Although born in Edinburgh, Maccoll grew up in Australia and attended the University of Sydney from 1932 to 1937, gaining the B.Sc. degree in 1936 and the M.Sc. degree in 1937. While he was at the University of Sydney he was awarded a "blue" for swimming and was elected President of the Science Association, Chemical Society, and the Sports Union. After a short spell in chemical industry, he returned to the University as an Assistant Lecturer.

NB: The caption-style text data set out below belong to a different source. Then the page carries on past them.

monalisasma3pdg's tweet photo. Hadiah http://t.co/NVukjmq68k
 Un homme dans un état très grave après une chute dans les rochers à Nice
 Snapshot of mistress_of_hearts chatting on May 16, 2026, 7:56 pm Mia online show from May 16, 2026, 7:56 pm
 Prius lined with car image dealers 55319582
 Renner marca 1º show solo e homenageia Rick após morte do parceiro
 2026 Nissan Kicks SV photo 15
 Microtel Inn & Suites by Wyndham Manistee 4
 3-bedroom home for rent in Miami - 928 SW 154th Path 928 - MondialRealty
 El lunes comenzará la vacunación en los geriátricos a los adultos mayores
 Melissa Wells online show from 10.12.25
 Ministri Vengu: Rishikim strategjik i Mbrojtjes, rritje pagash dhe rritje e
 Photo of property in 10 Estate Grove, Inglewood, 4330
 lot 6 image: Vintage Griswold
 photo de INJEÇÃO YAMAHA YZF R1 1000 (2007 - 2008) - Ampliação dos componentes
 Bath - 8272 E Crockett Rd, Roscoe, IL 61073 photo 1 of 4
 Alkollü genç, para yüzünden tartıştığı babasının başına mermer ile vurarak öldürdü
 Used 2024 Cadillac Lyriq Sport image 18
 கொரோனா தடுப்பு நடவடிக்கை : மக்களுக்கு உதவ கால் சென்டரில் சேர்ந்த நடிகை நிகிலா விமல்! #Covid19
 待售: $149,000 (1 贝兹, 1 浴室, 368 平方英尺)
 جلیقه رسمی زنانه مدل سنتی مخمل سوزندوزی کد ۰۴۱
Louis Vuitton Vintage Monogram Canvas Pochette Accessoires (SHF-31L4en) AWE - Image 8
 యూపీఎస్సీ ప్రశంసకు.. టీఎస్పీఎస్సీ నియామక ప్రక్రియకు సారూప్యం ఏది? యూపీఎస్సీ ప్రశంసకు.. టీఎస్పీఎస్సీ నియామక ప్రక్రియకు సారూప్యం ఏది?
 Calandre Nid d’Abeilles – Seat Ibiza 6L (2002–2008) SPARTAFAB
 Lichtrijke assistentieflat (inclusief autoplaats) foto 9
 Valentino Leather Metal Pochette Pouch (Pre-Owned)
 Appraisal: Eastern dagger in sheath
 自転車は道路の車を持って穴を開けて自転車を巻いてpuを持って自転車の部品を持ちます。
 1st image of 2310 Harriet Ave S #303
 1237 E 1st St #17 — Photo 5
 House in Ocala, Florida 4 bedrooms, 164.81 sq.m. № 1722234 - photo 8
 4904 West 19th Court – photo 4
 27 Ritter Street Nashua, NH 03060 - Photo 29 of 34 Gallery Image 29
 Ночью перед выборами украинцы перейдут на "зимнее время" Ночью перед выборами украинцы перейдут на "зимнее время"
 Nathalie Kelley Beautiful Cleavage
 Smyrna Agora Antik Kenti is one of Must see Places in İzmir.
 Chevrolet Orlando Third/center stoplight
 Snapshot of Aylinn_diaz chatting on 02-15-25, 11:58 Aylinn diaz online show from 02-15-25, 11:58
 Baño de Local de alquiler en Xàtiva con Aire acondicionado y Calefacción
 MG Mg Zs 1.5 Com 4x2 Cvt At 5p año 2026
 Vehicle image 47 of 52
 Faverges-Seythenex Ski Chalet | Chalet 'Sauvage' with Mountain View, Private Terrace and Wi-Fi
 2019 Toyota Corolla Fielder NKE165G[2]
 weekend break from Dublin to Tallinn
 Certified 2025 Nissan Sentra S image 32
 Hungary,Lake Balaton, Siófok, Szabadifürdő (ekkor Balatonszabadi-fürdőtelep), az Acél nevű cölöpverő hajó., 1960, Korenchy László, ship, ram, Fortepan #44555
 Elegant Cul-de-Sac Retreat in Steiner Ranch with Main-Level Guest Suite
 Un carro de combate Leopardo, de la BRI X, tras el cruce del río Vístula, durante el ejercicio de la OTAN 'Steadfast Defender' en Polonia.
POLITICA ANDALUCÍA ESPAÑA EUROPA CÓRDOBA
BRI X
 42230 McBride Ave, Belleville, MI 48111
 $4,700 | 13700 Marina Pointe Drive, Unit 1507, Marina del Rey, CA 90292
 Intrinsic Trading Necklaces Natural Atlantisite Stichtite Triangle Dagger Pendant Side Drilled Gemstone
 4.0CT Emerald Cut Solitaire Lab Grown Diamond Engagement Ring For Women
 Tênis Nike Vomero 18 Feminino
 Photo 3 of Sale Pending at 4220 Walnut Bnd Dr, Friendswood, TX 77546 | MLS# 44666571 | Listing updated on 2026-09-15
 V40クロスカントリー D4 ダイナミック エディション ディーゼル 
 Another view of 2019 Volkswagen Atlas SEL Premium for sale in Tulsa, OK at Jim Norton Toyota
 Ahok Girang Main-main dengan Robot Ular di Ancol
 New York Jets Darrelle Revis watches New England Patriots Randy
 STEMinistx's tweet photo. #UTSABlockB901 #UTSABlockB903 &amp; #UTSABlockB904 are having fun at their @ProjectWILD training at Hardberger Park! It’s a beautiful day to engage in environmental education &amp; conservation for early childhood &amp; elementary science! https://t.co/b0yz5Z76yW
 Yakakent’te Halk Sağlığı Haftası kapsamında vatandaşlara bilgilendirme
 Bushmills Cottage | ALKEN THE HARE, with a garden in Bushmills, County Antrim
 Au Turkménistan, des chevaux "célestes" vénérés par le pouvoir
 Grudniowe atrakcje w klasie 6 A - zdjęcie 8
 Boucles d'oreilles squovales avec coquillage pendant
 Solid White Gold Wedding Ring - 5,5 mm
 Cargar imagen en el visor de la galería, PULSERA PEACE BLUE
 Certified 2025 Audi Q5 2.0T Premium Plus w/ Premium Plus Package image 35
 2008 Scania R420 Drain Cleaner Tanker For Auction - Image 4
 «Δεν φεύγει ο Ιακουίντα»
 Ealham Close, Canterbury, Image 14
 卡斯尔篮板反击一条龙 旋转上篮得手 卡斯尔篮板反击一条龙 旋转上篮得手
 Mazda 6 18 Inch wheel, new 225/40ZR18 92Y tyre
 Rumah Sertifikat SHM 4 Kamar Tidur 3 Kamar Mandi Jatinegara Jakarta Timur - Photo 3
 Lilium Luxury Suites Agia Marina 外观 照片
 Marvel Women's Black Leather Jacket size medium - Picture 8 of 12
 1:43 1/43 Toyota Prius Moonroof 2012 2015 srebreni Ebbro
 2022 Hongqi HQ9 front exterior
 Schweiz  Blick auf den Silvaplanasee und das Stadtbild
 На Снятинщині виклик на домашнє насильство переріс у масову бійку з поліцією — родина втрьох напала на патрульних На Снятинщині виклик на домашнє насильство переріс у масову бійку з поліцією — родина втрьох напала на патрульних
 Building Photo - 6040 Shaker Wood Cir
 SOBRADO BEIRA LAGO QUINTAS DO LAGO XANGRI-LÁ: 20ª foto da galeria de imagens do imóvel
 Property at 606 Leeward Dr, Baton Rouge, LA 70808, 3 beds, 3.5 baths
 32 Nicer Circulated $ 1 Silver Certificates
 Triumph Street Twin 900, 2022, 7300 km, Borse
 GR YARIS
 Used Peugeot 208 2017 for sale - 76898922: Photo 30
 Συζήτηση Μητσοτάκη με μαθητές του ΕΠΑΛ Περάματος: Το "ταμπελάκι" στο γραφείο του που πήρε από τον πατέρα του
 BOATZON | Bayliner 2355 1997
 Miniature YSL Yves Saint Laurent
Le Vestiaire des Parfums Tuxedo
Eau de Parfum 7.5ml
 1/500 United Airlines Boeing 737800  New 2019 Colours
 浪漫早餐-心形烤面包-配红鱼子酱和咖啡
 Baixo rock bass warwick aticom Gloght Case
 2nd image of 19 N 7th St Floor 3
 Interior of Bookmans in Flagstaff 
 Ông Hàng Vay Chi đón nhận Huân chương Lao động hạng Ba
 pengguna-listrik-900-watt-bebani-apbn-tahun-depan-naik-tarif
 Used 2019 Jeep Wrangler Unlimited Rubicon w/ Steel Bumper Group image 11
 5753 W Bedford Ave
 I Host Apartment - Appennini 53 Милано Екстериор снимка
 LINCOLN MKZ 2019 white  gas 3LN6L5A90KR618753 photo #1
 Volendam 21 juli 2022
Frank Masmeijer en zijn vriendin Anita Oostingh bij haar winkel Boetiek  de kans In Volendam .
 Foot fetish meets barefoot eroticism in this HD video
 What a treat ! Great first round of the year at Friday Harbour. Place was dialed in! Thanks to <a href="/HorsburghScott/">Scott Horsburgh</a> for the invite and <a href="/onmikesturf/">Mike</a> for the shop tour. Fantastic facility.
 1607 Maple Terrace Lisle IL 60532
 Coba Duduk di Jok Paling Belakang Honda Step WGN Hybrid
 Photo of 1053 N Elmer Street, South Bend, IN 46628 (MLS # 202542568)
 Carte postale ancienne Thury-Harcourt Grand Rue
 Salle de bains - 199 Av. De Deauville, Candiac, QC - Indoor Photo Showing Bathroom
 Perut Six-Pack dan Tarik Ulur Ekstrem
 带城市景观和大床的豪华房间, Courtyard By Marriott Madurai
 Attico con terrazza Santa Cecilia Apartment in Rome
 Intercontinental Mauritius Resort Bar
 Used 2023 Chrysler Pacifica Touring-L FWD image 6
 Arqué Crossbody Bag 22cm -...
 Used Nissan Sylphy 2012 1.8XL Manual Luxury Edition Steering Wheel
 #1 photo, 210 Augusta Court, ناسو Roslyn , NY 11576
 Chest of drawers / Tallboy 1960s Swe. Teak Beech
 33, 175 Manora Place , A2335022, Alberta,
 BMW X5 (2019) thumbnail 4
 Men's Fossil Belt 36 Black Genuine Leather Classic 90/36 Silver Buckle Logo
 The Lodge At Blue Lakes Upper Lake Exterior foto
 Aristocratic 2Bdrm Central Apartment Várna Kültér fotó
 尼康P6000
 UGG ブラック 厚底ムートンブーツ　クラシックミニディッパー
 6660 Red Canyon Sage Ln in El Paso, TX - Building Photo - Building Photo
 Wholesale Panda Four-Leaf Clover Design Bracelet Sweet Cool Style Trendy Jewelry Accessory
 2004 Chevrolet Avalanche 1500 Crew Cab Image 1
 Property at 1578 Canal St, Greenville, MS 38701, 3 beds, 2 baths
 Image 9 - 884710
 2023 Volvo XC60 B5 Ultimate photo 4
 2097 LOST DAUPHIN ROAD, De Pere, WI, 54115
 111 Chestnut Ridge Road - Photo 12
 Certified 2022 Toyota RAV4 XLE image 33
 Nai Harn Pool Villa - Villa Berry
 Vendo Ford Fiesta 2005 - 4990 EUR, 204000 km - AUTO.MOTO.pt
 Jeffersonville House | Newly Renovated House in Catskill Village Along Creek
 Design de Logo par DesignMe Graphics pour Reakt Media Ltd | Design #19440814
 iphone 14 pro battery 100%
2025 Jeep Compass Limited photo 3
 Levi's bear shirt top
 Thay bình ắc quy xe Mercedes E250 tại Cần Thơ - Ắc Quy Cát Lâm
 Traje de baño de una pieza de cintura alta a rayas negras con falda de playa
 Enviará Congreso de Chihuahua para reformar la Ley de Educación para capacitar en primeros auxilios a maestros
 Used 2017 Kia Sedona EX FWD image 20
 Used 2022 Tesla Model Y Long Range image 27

In 1945, while a senior lecturer on the staff of Sydney University, he was awarded an Imperial Chemical Industries fellowship by the University of London, which enabled him to continue his work on the kinetics of gas phase reactions in Ingold 's lab at UCL. In 1947 he was appointed to the staff there as lecturer, obtained his PhD in 1949 (how times have changed, eh?) and in 1953 became a reader. His appointed Professor of Chemistry in 1963. He was awarded a D.Sc. in 1960. In 1963 was elected a Fellow of the Royal Institute of Chemistry. His research interests included quantum chemistry, the kinetics of gas phase reactions, both thermal and photochemical, the application of mass spectrometry and ultrasonic dispersion in gases.
Alan remained active in research well into his eighties and was a familiar figure at morning tea in the Nyholm room almost up to his death in 1999.
A portrait of Alan used to hang in the Nyholm room, and is held in particular affection by staff and students alike for its delicate treatment of the hands......

Maccoll wrote a fascinating memoir on Australian chemists at UCL, which also summarizes the development of the Department between 1899 and 1988. Ref: Ambix , 1989 , 36, 82-90.